There is an extreme financial disincentive for Americans to work abroad. If you travel frequently to Dubai (as an example) as I do, it will astonish* you to discover very few Americans working there, but tons of British, Australian, South African, etc. people busily making a living, building a business, etc.

The reason is taxation. Americans working in Dubai (no income tax there) must still pay U.S. income tax and pay a ton to get the tax returns done correctly. A British citizen working in Dubai pays nothing to Inland Revenue and does not file a U.K. income tax return.

Question: who is cheaper to hire, if you are an employer in Dubai?

Hint: that's why all of the international bankers are NOT American.

-------

* Sarcasm.

EDIT: this is one reason why our law firm has a booming business in expatriation -- people giving up U.S. citizenship/green cards.


This effect is biggest in low tax countries because of the credit US citizens end up paying the HIGHER of US and local income taxes (more or less - rules are complex).

Also see relatively few Americans in Hong Kong and Singapore which have low tax rates like Dubai. Unlike almost everyone else in the world there is no benefit for Americans to work in low tax countries because they still end up paying US tax rates. If a company hires an Austrailian and an American in Hong Kong the American ends up with less after tax income. So the draw to these places is much less for US citizens.


There is still a benefit, because you pay only federal income taxes, but not state taxes and you do not pay various other taxes such as medicare surcharge on investment income. So if you are from a high tax state in the U.S. ( California or NY ), it may still make sense.


>there is a financial disincentive to working abroad, and that's not taking into account the fact that this is a disincentive to look for jobs abroad

If you don't want to do something, you can always rationalize it. If really wanted to work in Berlin or elsewhere, you'd do it, and it wouldn't be a big deal.


> If really wanted to work in Berlin or elsewhere, you'd do it, and it wouldn't be a big deal.

This is simply getting at the notion of the premium - how much I value working abroad.

A more formal way of asking this question, assuming for simplicity a $100K/year salary:

"How attractive (measured in dollars) is the idea of working in Berlin?"

If it's worth $30,000/year, you'll do it as long as you can make 70% of your US salary or more. Otherwise, it's not worth it.

It's not a matter of "not wanting to do something" - it's a matter of the opportunity cost. In this case, the opportunity cost of working abroad for US citizens is high (see philiphogden's comments), so the only people who will do it are the people who can rationalize taking a financial hit.

So yes, the answer is "you want it, just not enough". But the following question is, "how much should someone have to want to work abroad in order to do it?"


Berlin is 3 times cheaper in terms of rent & food than San Francisco.

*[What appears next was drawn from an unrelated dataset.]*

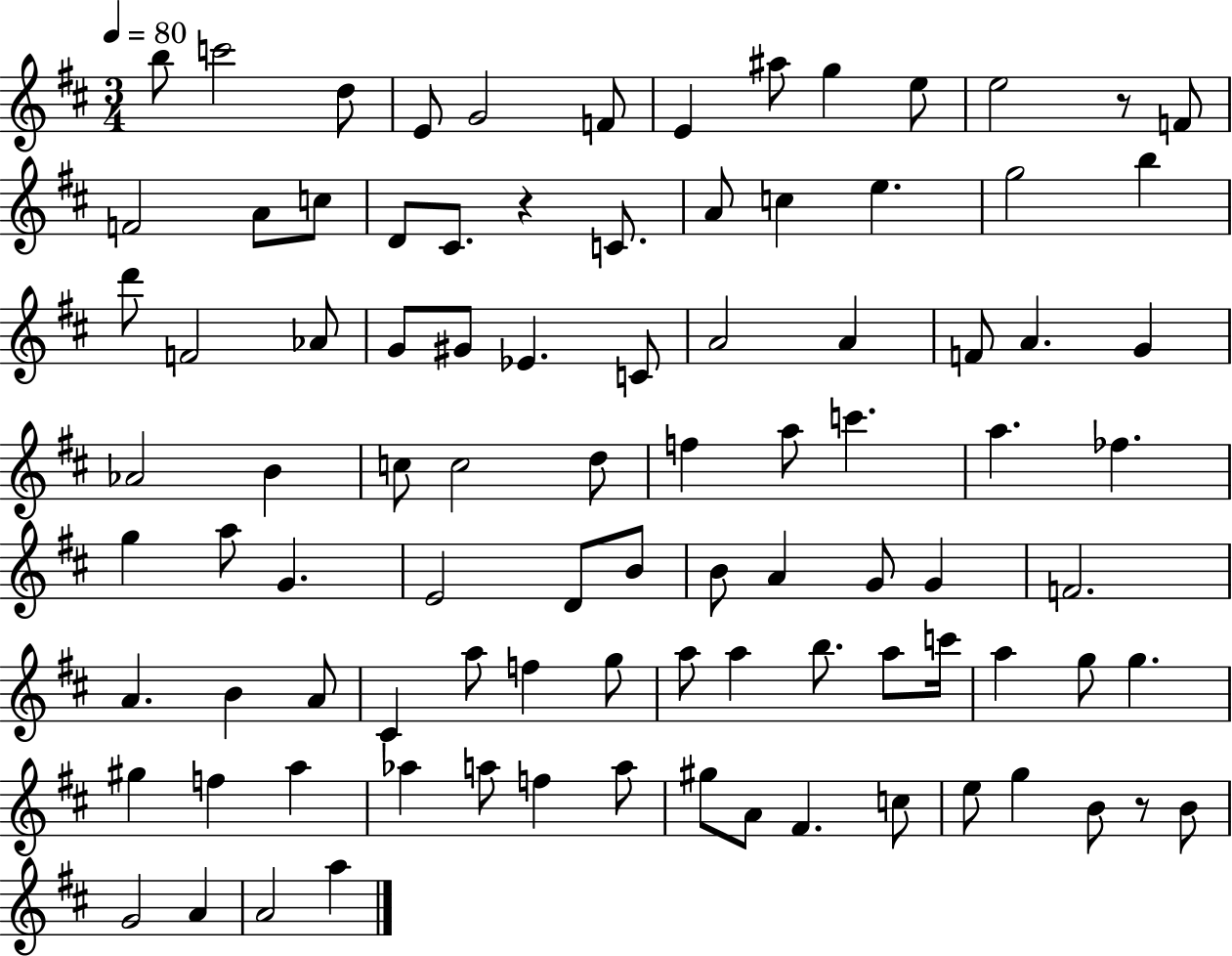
B5/e C6/h D5/e E4/e G4/h F4/e E4/q A#5/e G5/q E5/e E5/h R/e F4/e F4/h A4/e C5/e D4/e C#4/e. R/q C4/e. A4/e C5/q E5/q. G5/h B5/q D6/e F4/h Ab4/e G4/e G#4/e Eb4/q. C4/e A4/h A4/q F4/e A4/q. G4/q Ab4/h B4/q C5/e C5/h D5/e F5/q A5/e C6/q. A5/q. FES5/q. G5/q A5/e G4/q. E4/h D4/e B4/e B4/e A4/q G4/e G4/q F4/h. A4/q. B4/q A4/e C#4/q A5/e F5/q G5/e A5/e A5/q B5/e. A5/e C6/s A5/q G5/e G5/q. G#5/q F5/q A5/q Ab5/q A5/e F5/q A5/e G#5/e A4/e F#4/q. C5/e E5/e G5/q B4/e R/e B4/e G4/h A4/q A4/h A5/q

I don't know if it's 3 times, but I could easily bet on a "at least twice".


well, that's true but you only get ~30% to 50% of the salary (amount in EURO) compared to SV and you have to pay around 48% taxes on your income.


You have to pay taxes of 48% for everything above 52k€ salary. If you earn 60k€, you have to "only" approx pay 30% taxes.


Berlin is a relatively cheap place to live. So depending on where you live now you might actually need much less money when living in Berlin.


Most of the US (not NYC, DC, SF) is far cheaper than Europe in general. Even Seattle is cheaper on average.


> Even Seattle is cheaper on average.

Unless you mean "cheaper than Europe in general", I guess these sites could use your input:

http://www.numbeo.com/cost-of-living/compare_cities.jsp?coun...

http://www.expatistan.com/cost-of-living/comparison/seattle/...


Berlin is much cheaper than most of western europe or germany because of the long term economic effects of being part of east germany. A more apt comparison then would be frankfurt vs seattle or detroit vs berlin. Also expatistan just uses the expensive part of town


Don't forget you will be building up an German pension as well.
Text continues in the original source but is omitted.